First, you need to get passed the “guilt.” It’s one thing for me to deal with this dreaded disease, but the fact that I may be the cause of my kids having to deal with the same disease can be quite a heavy burden. I rationalized my guilt with the understanding that I couldn’t blame my mom for passing it along to me. She had no way of knowing back in 1954 and, likewise, I had no way of knowing back in 1983 when my first son, Matthew, was born.

Having very intelligent children certainly made the early conversation a little easier. Fortunately, while I was going through my mastectomy and subsequent chemotherapy treatments, my boys were not living at home. They didn’t have to witness the carnage of the surgery nor the side effects of the treatments.

In May of 2009, once somewhat recovered, it was time to have the hard conversations with the boys. I did not “sugarcoat” any of the details. I needed to be as up front as possible and I needed to impress upon them the importance of being vigilant and in tune with their bodies. I also began to stress the importance of a healthy lifestyle. Although they may or may not be carrying this BRCA2 mutation, maintaining a healthier way of life was imperative.

You need to recognize that every child is different and how they react or utilize the information you’re about to provide them will be unique. My eldest son initially reacted with defiance. Being a highly-skilled athlete his whole life, he did not want to be burdened with fear of getting sick. He “just wanted to live his life,” as he told me. He did not want to get tested to find out if he was a carrier.

My younger son, who was much more vulnerable, absorbed the information differently. He had to know! “When can I get tested?” was his response.

Being open and rational to each child individually is key to this process. Being prepared with data and information to help explain the details and risk of what is ahead for them is extremely imperative.

When I was diagnosed I spent much of my time to find out as much information of my specific cancer as I could. I preach this to all the men who contact me through the HIS Breast Cancer foundation website. Cancer is complicated! There’s no cookie-cutter approach that works for every patient. You better learn everything possible to help you make intelligent decisions. Your doctors provide you with options, but YOU make the decisions!

If you know the important details, it will enable you to explain to your children their options and their risks. You can’t force your kids to get tested and you certainly can’t use the “fear factor” in order to gain what you decide they need to do. Believe me, they have enough fear in just knowing they may be at risk.

I am now 10 years post my initial diagnosis and eight-and-a-half years post my second diagnosis of prostate cancer. I have learned a lot. My kids have learned almost as much. My younger son, Jameson, who is now 33, was tested and fortunately was negative for the BRCA2 mutation. Even though he was negative, he adopted a much healthier lifestyle since our early conversations and pays attention to his body.

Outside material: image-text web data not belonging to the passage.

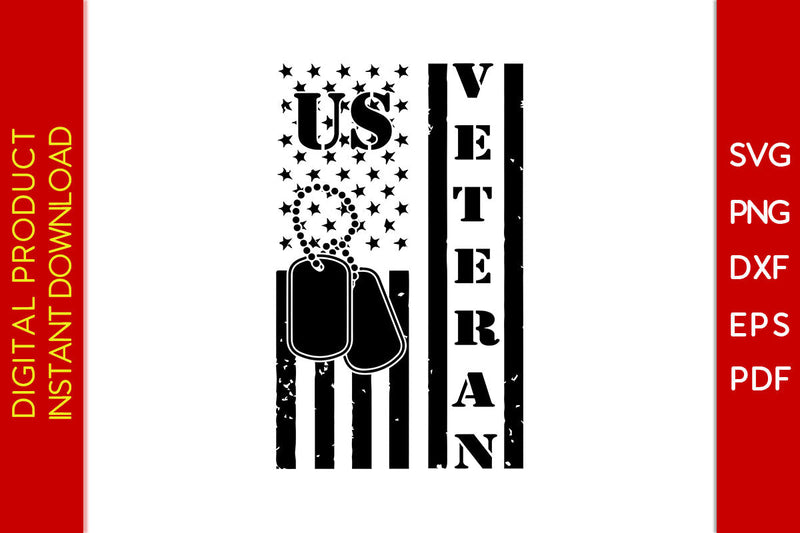US Veteran American Flag SVG PNG PDF Cut File SVG Creativedesigntee 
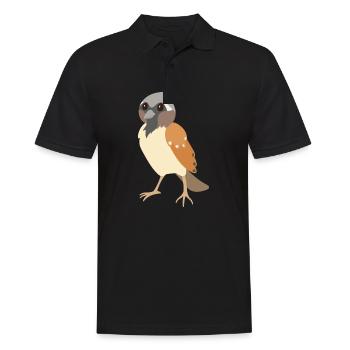sparrow - Men's Polo Shirt - black - Front - Kai (181cm)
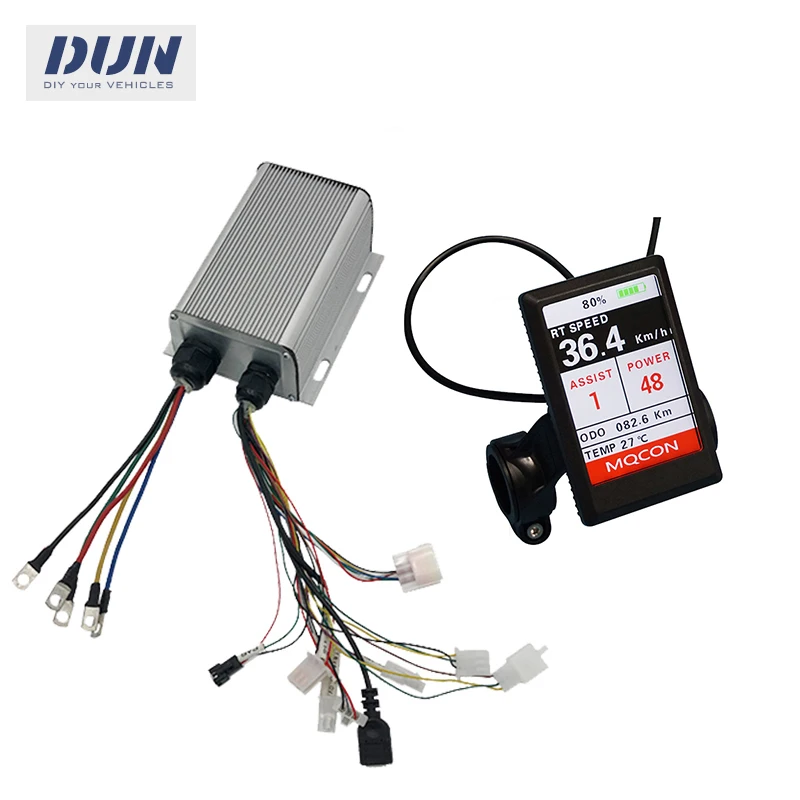 

SVMC7245 NO.2 Protocol 45A DC Motor Controller with H6 Display For 800-1000w Electric Bicycle Bike Scooter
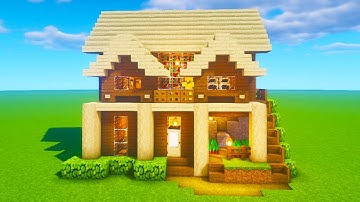 Minecraft Tutorial: How To Make A Wooden Cliff House "2020 Tutorial"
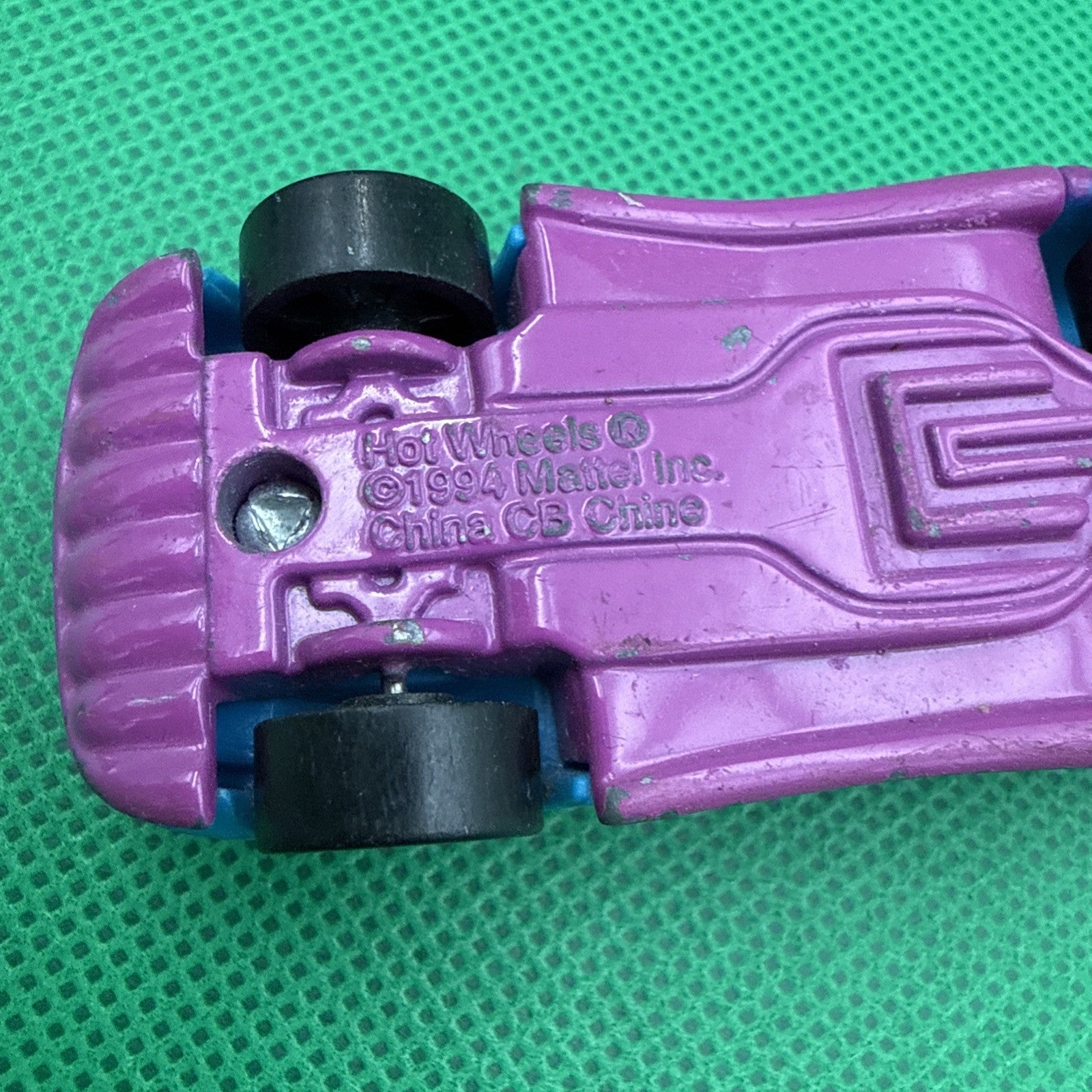 McDonalds Happy Meal Hot Wheels Vintage 1994 Mattel Die Cast Metal Blue Car - toyscardscomics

My other son, Matthew, who is now 35, still has not been tested. He is not married and has no immediate plans for children of his own. We continue to have “casual” conversations regarding being tested. I will be more forceful very soon and certainly before he has his own kids. He needs to know if he is a carrier, and that he understands the possibility of passing it down.

He will need to begin screening for all the possible cancers that BRCA2 can cause and be vigilant as he approaches 40. He gets it… I pray!

Vicki’s oldest son was tested and was negative and he, too, has two children of his own. Vicki’s youngest children, identical twins, plan to be tested together very soon. And because they are identical twins, if one is positive, then the other is, too. So, they need to coordinate the process.


Harvey I. Singer is the co-founder of HIS Breast Cancer Awareness Foundation, Inc. Singer, 64, has been married to his wife, Donna, for 39 years, and the couple resided in Western New York. Singer tested positive for the BRCA2 genetic mutation, and was diagnosed with ER/PR-positive breast cancer in 2008, and stage 1 prostate cancer just two years later. Since, Singer has authored a book, titled “Sir You Have Breast Cancer!” and has contributed and appeared in the documentary film Pink & Blue- Colors of Hereditary Cancer.